In a corner of a world, there lived a kiwi. Not exactly a corner, since the world is round and corners don't exist on spheres, nor is it not a corner as people do leave it off maps sometimes. It was a kiwi-corner, and that means comfort.

I love GeoTIFFs, they're the one reliable raster format I can drag and drop into QGIS to open out of the box. NetCDF? only if it conforms to some convention. GeoZarr? good luck with that. GeoTIFFs though, they are comforting, they just work.

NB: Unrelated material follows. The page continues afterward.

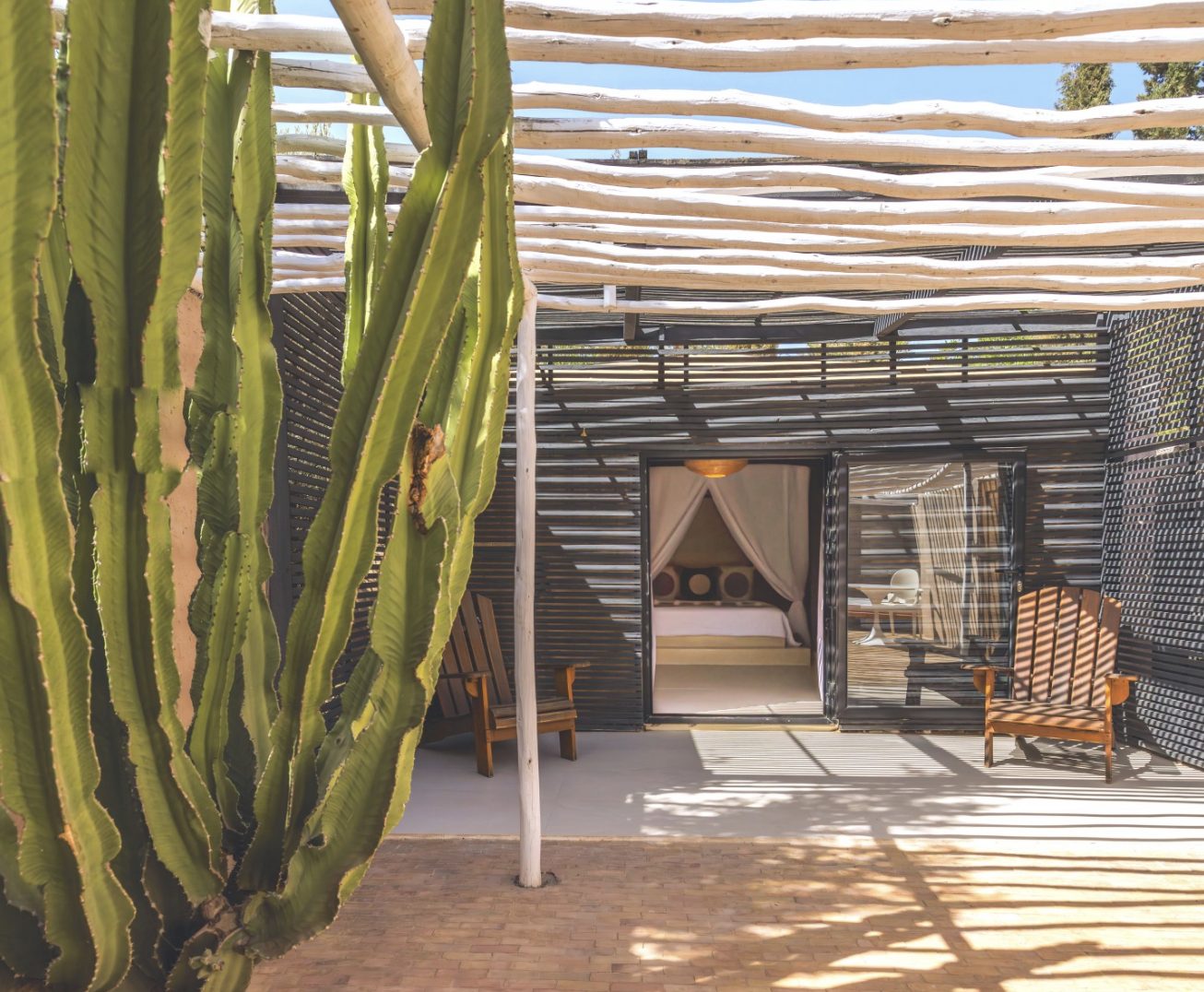 Luxury-Villa-Living-Villa-Marrakech-Morocco85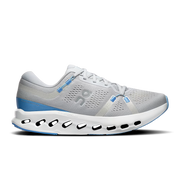 On Running Cloudsurfer 2 Glacier | Gourami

Yet something I've been fighting for since 2023, maybe earlier, was to get reasonable read speeds out of GeoTIFFs, specifically Cloud-Optimized GeoTIFFs (COGs) that supposedly have a better internal layout. The defacto way to read GeoTIFFs is through a 20+ year old C/C++ library called GDAL (technically wrapping libgeotiff). GeoTIFFs/COGs are by far the most popular raster file format according to GDAL's 2024 user survey.

GDAL is usually great, and if you're using GDAL 3.10+, RFC 101 read-only thread-safety should now be implemented, and that works in theory if using GDAL standalone. The problem with GDAL (or any C/C++ library that does parallelism) is when you try to use its parallel mode with another library that also has some form of parallelism.

This is summed up really nicely by Ralf Gommers in this discussion thread:

Some libraries, like the deep learning frameworks, do auto-parallelization. Most non deep learning libraries do not do this. When a single library or framework is used to execute an end user program, auto-parallelization is usually a good thing to have. It uses all available hardware resources in an optimal fashion.

Problems can occur when multiple libraries are involved. What often happens is oversubscription of resources. For example, if an end user would write code using scikit-learn with n_jobs=-1, and NumPy would auto-parallelize operations, then scikit-learn will use N processes (on an N-core machine) and NumPy will use N threads per process - leading to N^2 threads being used. On machines with a large number of cores, the overhead of this quickly becomes problematic ...

So this means that it has been incredibly hard to use TIFFs for machine learning workflows. For example:

Using GDAL (or any library that wraps it like rasterio,rioxarray) with multi-threading + Pytorch multi-processing with num_workers>=1 can cause trouble (e.g. https://github.com/microsoft/torchgeo/discussions/594)
Using tifffile (a pure-Python TIFF libary) which has/had built-in auto-parallelization conflicts with threading from scikit-learn (https://github.com/cgohlke/tifffile/issues/215).

And this is very sad, it means lots of wasted effort spent on debugging and workarounds. You might try a bunch of environment variables in GDAL, OpenMP, etc, and kudos to you if you manage to figure it out (if not, this paper has some great insights)! But most people would eventually give up and resort to one of two options:

Convert the GeoTIFFs to another format.
Find a different library, discover that most everything uses GDAL under the hood, and give up (or write your own!).

Side note: The ideal solution for this is definitely some protocol around distributed/parallel conventions, xref https://github.com/data-apis/array-api/discussions/776, but that is a whole other can of worms that extends beyond GeoTIFFs to parallel computing in general.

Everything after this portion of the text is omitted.